Are you planning to make the switch to LED lighting and don’t know where to start? With so many companies and brands offering different features, it is hard to know where to start!
Here are 5 steps to consider when choosing your LED lighting.
1. Correlated Color Temperature
Correlated color temperature or CCT for short, is measured in degrees Kelvin, with the temperature rating indicating the tone of light that is being emitted. 2000K is a warm white orange yellow in colour as the temperature increase it will change from a cool white to a blue-white.
Originally, LED manufacturers produced more ‘bluer’ lighting over 6000K and named it as ‘white’ as it was the most commercially viable. As a result, manufacturers have often called lighting at 4000K warm white. As there is a variety of interpretations of colours it is important for people interested in buying LED lighting to know what kind of tone of light and the amount of Kelvins they need in order to suit their needs.

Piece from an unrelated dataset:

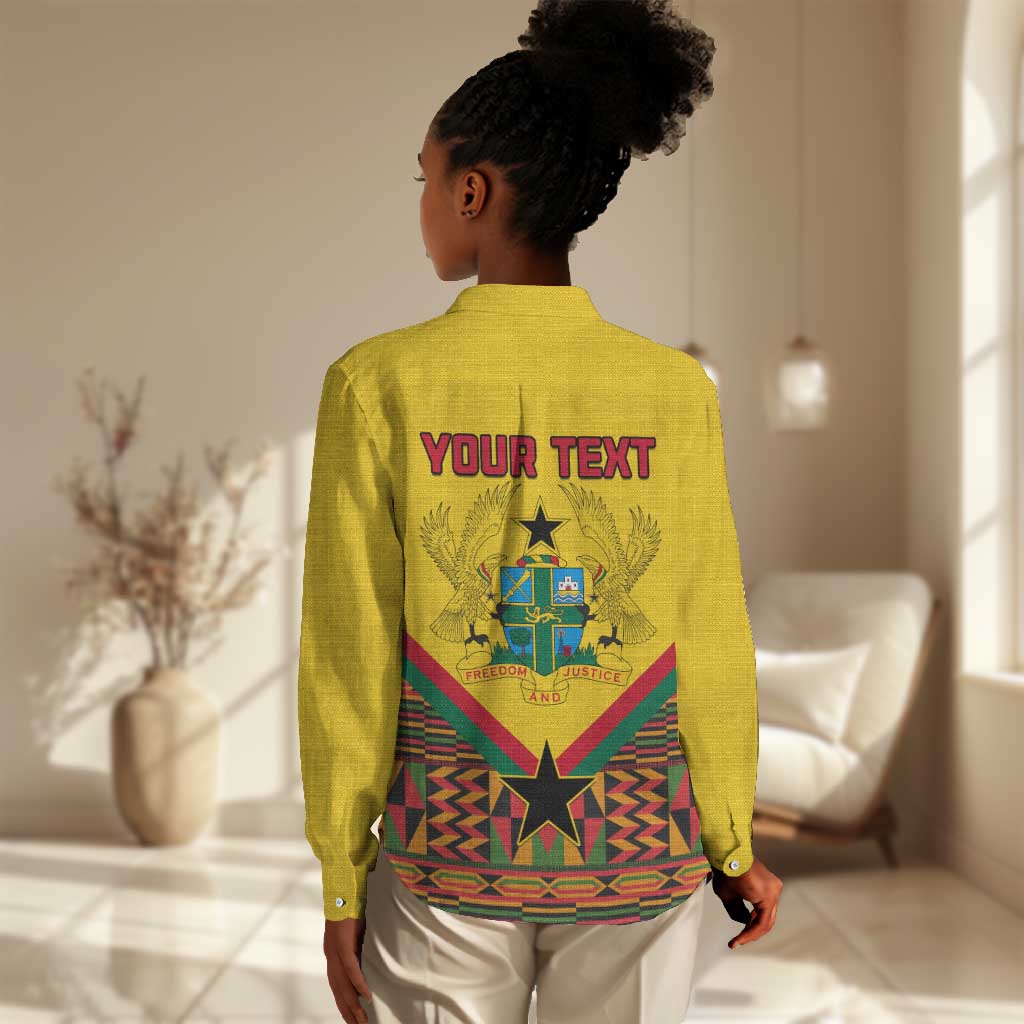 Ghana Independence Day Women Casual Shirt with Freedom and Justice and African Pattern LT01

For example, if you are interested in having a warm white light around 2000K it would give a warm and cosy feeling. If you are interested in buying lighting for a restaurant, then this type of lighting might be appropriate. However, if you are looking for lighting in another space, such as LED warehouse lighting, you would probably want to use a much cooler colour such as 4000-5000K, as this is lighting is nearer to the colour of daylight and it is often perceived to feel more productive and more business appropriate.

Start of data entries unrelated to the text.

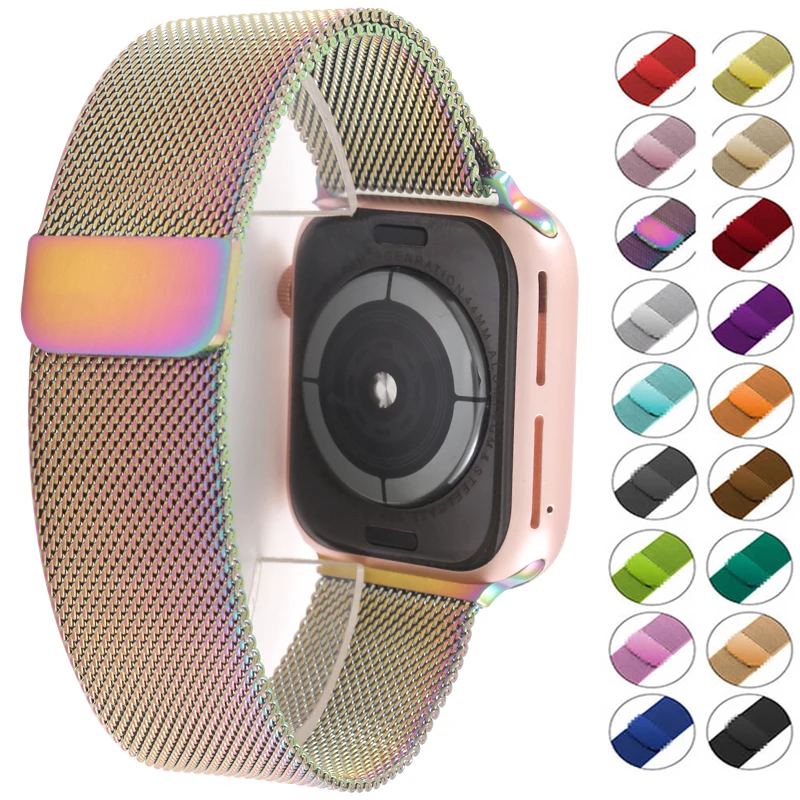 Ремешок для наручных часов Apple Watch 4 в 1/2/3 ремешок для часов, Миланская петля, нержавеющая сталь, 42 мм, 38 мм, версия браслет ремешок для наручных часов iwatch серии 40 мм 44 чехол бесплатно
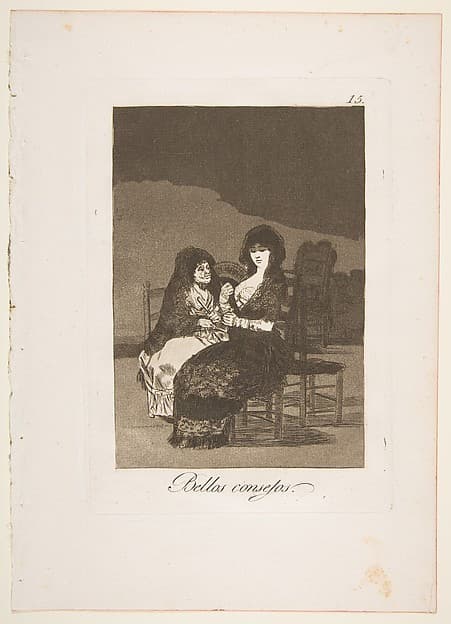 Plate 15 from "Los Caprichos": A pretty piece of advice (Bellos consejos) — Francisco Goya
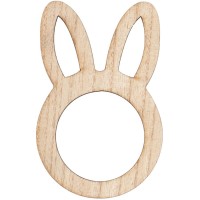 6 Ronds de Serviettes Lapin en Bois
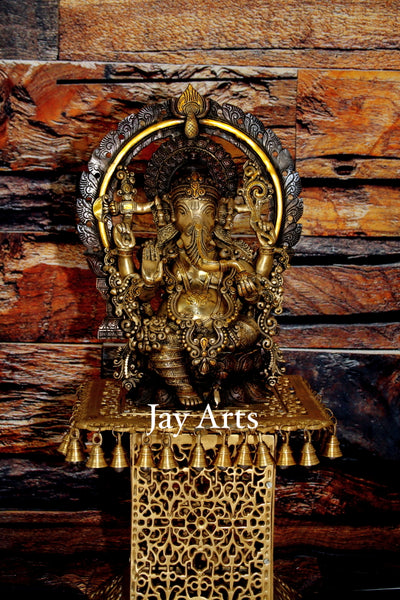 Abhaya Ganesh seated on Lotus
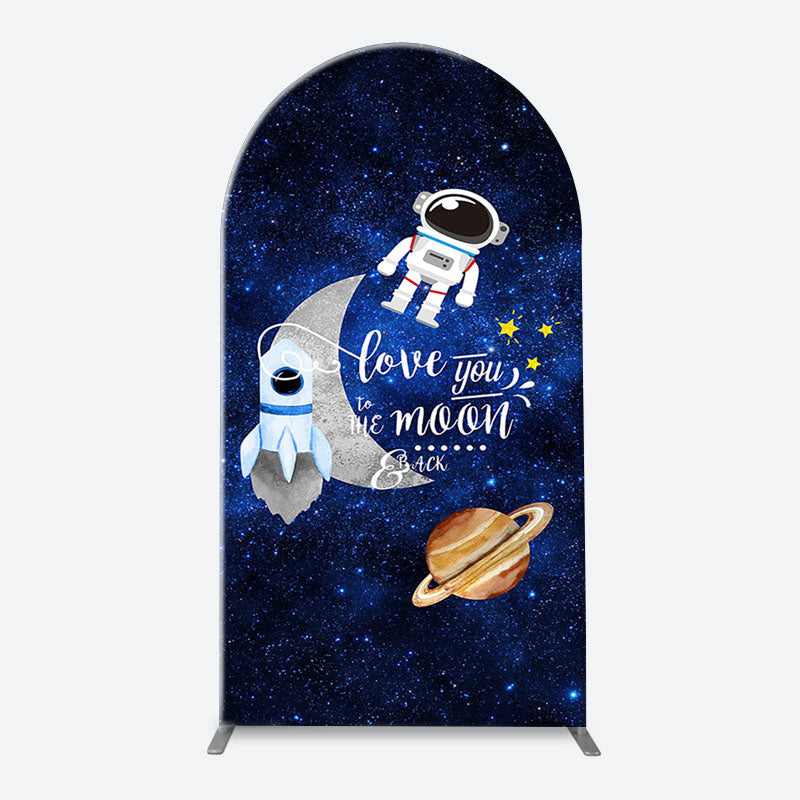 Aperturee - Blue Galaxy Astronaut Star Arch Baby Shower Backdrop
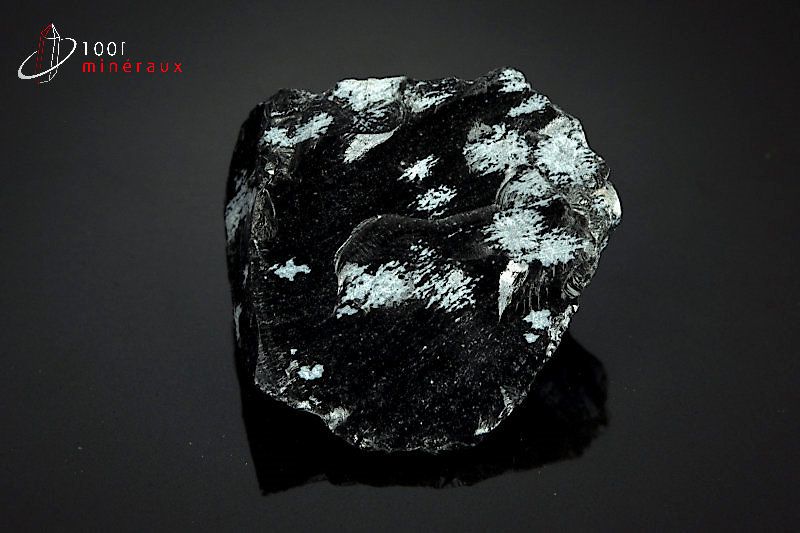 Obsidienne flocons de neige - Mexique - minéraux bruts 4,9 cm / 56g / AY15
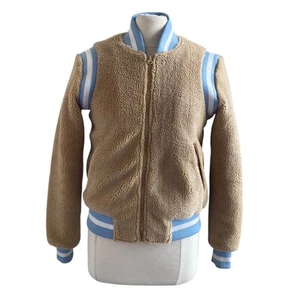 AMERICAN STITCH Bomber Jacket Womens Sz Small Tan Fleece Varsity Full Zip  - Picture 1 of 8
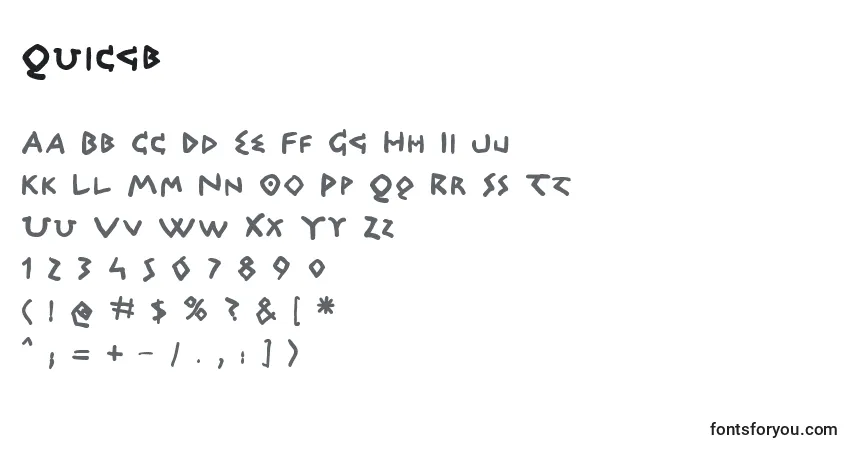 A fonte Quicgb – alfabeto, números, caracteres especiais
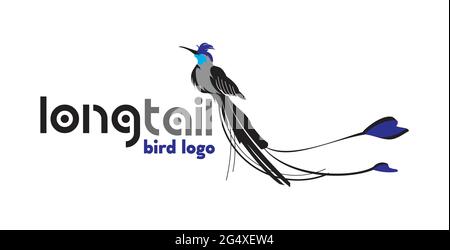 Long Tail Bird Logo – exklusive Designinspiration Stockfoto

Another aspect you should consider when buying LED lighting is the efficiency of the light. Between 2012 and 2014 LED efficiency has increased significantly, from around 60 lumens per watt to nearly 100. The increase in efficiency will only get bigger as many predict that it may hit 150 lumens per watt by 2020. Compared to the traditional incandescent lights with only 13 – 18 lumens per watt, LED lighting is clearly more efficient.

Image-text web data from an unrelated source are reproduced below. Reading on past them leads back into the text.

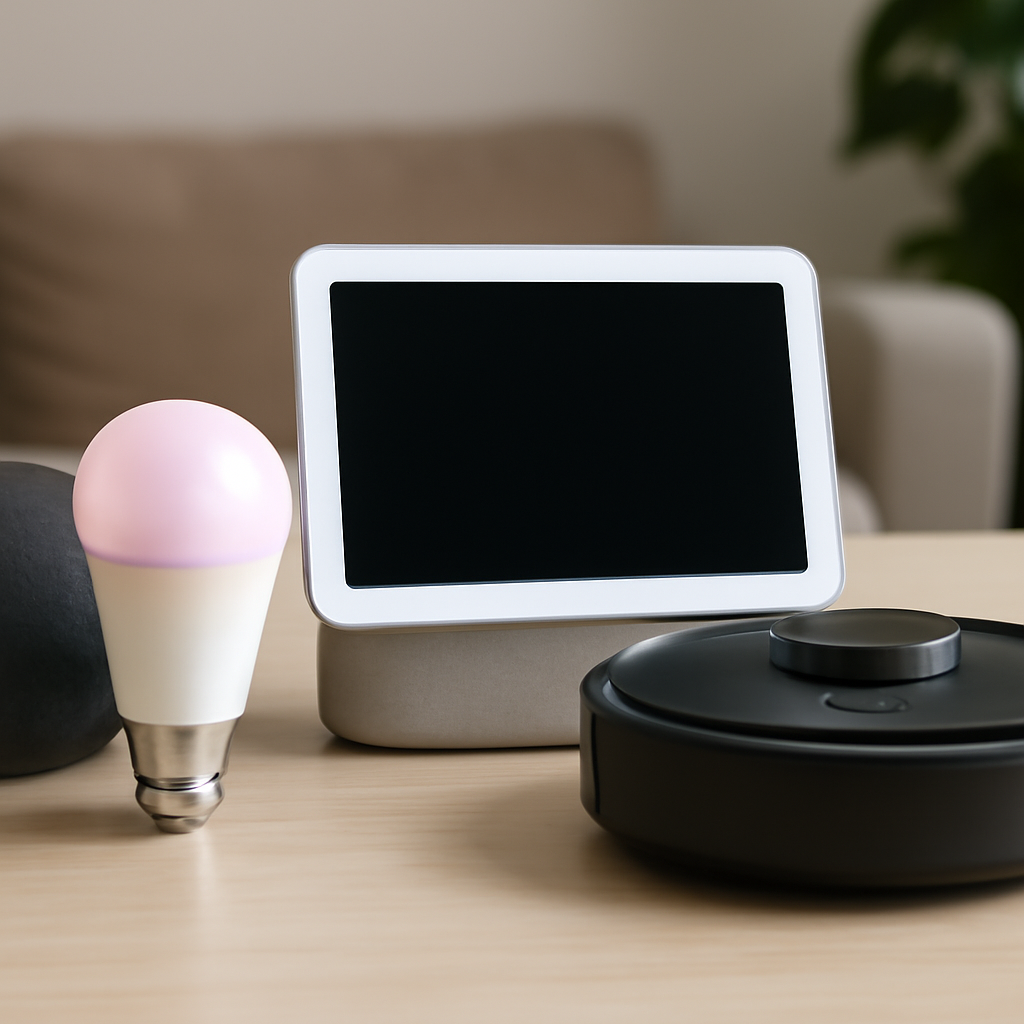 Smart home devices including a touchscreen display, a smart bulb with a pink top, and a robotic vacuum cleaner on a wooden table, representing innovative technology for home automation and energy efficiency.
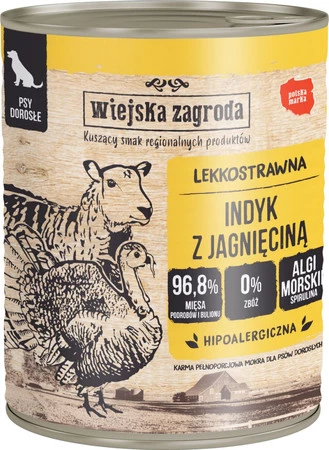 WIEJSKA ZAGRODA Indyk z Jagnięciną bez zbóż 800g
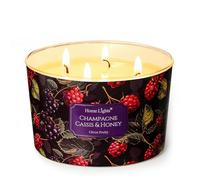HomeLights Bougies parfumées pour femmes et hommes, Bougie d'aromathérapie 4 mèches en pot de 18oz, Idéale pour une décoration et des cadeaux au style éclectique, Champagne cassis et miel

With this increase in efficiency, there is higher competition which means prices are lowering. Make sure you check to see what prices are around.
3. Uniformity and Glare
The Uniformity of lighting refers to the contrast of lighting levels in adjacent areas, which is measured as the ratio of the ratio of the highest light level to the lowest light level. A uniformity ratio of 4:1 or lower is recommended for parking lots and walkways.
Glare is a very high level that impacts the eyes or a camera image sensor and can ‘blind’ a person or camera to any surrounding activity. If you are choosing LED lighting it is important not to have a large amount of glare, otherwise, this can have a negative effect on employees and visitors. Essentially, the lower the UGR the less “glare” and that means better conditions for the human eye.
The majority of LED industrial lighting is 50,000 hours with more commercial LED lighting is around 30000 hours. This doesn’t mean that the lights will stop working at this point, it just meant that after this time the light will have reduced by 30% and will no longer be fit for purpose.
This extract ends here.